▶ Excerpts from a dataset
══════

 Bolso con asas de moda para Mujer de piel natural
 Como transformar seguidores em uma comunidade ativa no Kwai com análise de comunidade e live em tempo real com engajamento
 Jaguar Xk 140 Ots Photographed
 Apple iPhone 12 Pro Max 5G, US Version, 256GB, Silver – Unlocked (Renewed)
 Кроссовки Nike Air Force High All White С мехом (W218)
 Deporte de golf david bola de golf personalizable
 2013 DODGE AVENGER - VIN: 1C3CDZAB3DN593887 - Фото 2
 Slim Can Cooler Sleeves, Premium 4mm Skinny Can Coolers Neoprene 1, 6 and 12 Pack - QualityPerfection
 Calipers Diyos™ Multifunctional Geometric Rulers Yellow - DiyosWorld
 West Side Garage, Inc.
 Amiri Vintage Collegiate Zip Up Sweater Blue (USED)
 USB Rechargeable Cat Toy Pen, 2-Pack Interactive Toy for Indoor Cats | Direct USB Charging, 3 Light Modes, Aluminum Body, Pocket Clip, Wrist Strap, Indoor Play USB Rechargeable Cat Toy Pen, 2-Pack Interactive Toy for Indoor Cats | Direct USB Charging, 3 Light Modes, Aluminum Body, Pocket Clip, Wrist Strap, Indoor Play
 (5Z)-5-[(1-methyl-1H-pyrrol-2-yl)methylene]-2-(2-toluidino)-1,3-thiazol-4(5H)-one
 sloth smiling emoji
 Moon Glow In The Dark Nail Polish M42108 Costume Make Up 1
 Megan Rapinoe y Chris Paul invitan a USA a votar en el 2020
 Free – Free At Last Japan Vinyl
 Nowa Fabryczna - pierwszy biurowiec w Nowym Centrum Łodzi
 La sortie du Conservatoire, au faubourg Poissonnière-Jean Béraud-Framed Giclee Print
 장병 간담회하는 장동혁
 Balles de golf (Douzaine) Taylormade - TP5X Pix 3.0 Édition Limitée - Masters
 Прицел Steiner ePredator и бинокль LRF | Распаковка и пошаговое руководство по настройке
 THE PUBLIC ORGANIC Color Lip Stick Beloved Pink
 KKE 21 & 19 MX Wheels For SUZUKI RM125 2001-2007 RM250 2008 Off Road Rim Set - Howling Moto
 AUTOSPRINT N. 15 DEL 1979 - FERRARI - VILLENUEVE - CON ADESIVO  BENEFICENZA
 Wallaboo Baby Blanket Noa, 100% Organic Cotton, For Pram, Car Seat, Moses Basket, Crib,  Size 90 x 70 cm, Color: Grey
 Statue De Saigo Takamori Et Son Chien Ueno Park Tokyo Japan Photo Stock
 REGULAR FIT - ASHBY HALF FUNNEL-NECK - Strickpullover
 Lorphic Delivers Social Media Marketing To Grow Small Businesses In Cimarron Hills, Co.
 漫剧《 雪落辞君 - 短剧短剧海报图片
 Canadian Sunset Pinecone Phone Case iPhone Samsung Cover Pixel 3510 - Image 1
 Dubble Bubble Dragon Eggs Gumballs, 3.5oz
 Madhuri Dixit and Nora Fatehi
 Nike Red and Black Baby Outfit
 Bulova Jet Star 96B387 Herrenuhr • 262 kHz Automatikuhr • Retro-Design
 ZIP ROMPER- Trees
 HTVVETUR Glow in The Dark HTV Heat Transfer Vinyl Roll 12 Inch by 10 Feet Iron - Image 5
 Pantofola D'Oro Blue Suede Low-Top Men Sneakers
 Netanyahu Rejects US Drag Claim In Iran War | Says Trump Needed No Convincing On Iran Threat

══════

▶ PROBLEM TO WORK ON
Where a line above holds the word "Blue", copy it.

▶ SOLUTION TO THIS PROBLEM
 Amiri Vintage Collegiate Zip Up Sweater Blue (USED)
 Pantofola D'Oro Blue Suede Low-Top Men Sneakers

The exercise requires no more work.